Items from a dataset
════════════════
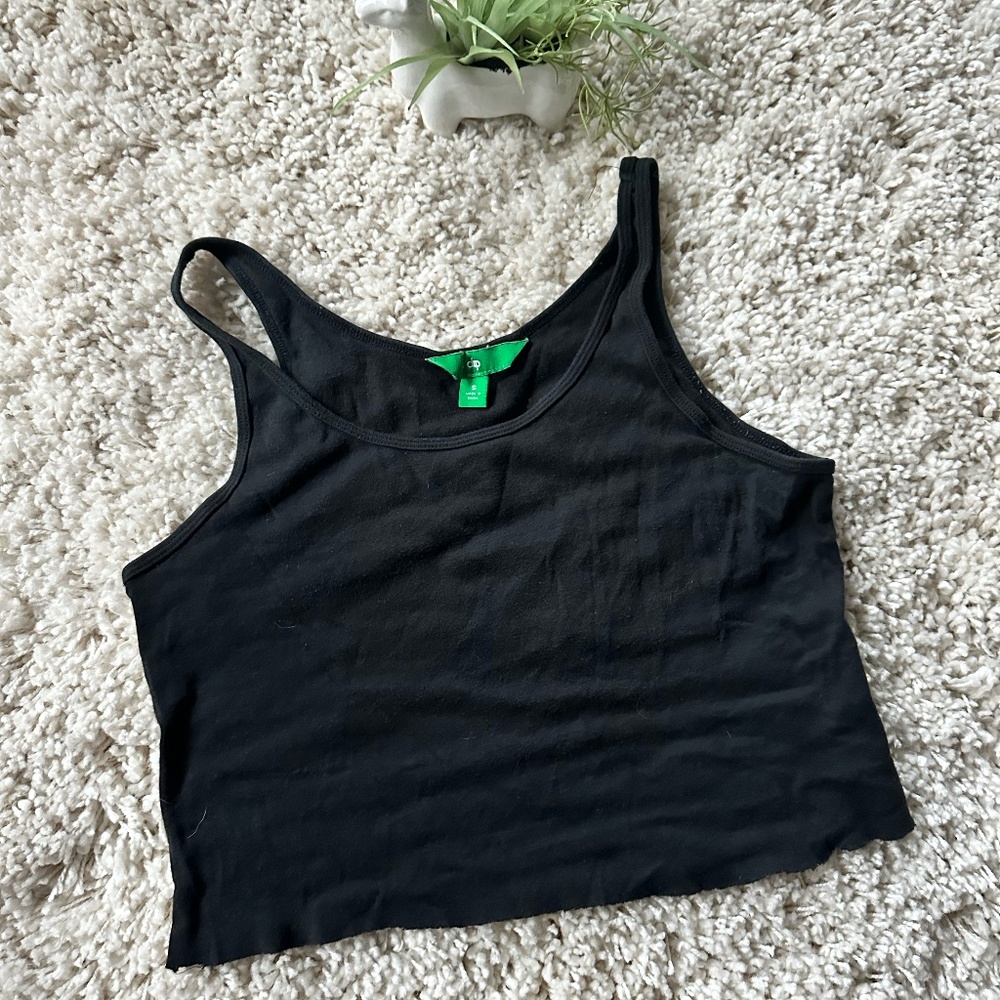 Dip super cute and casual athletic sport black crop top club shirt top.
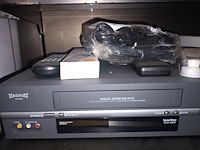 Lot 262 - hifi toestellen. 3 stuks - afbeelding 2 van  6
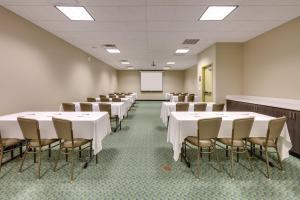 Gallery image of Candlewood Suites Salina, an IHG Hotel in Salina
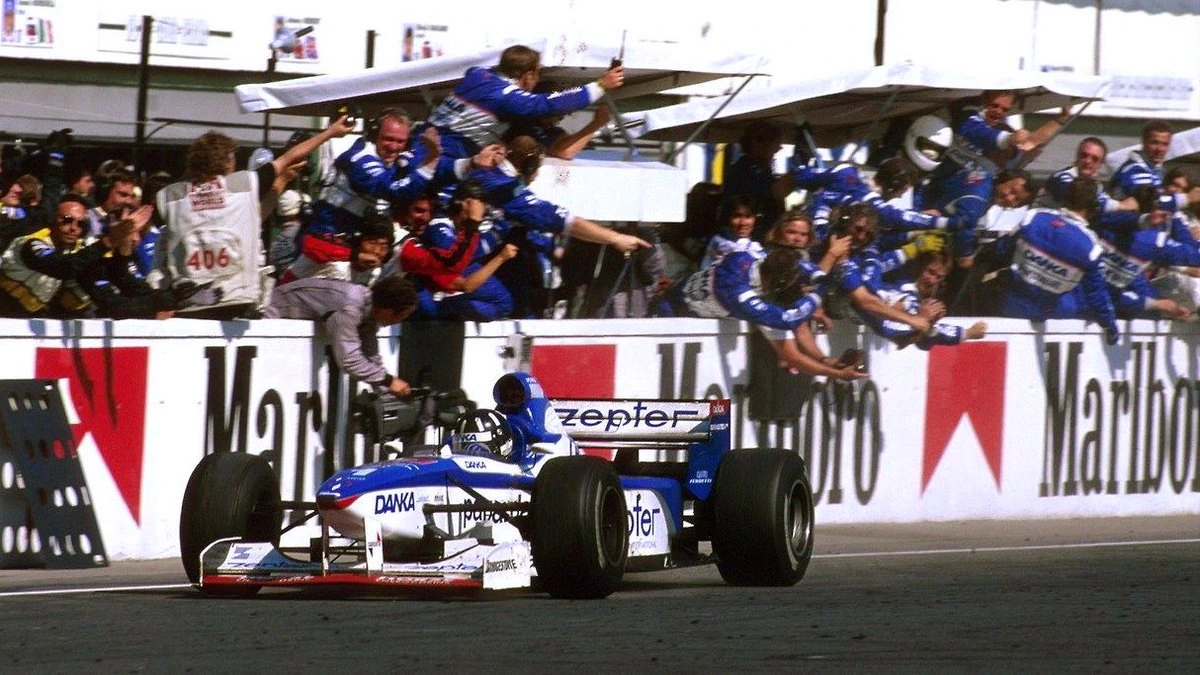 f1-grand-prix-hongrie-1997-damon-hill-finish-line Arrivée du Grand Prix de Hongrie 1997 de F1 : Damon Hill deuxième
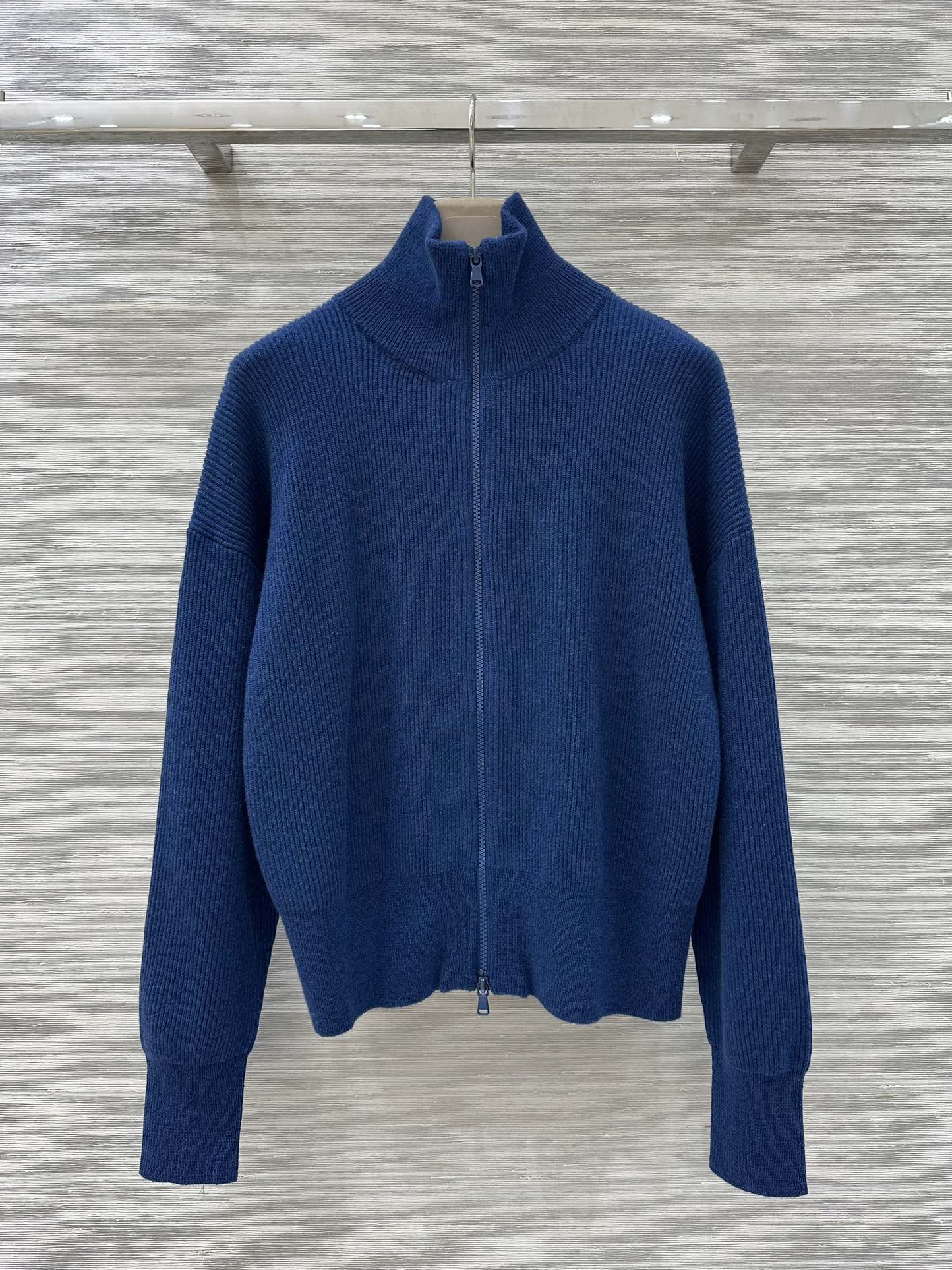 Veste zippée en cachemire et fil d'argent, luxe discret et élégance italienne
════════════════
About this exercise: Nothing but the lines from the line containing "Lot 262 - hifi" to the end of the records above should be repeated, exactly and with every picture omitted.

Task result:
 Lot 262 - hifi toestellen. 3 stuks - afbeelding 2 van  6
 Gallery image of Candlewood Suites Salina, an IHG Hotel in Salina
 f1-grand-prix-hongrie-1997-damon-hill-finish-line Arrivée du Grand Prix de Hongrie 1997 de F1 : Damon Hill deuxième
 Veste zippée en cachemire et fil d'argent, luxe discret et élégance italienne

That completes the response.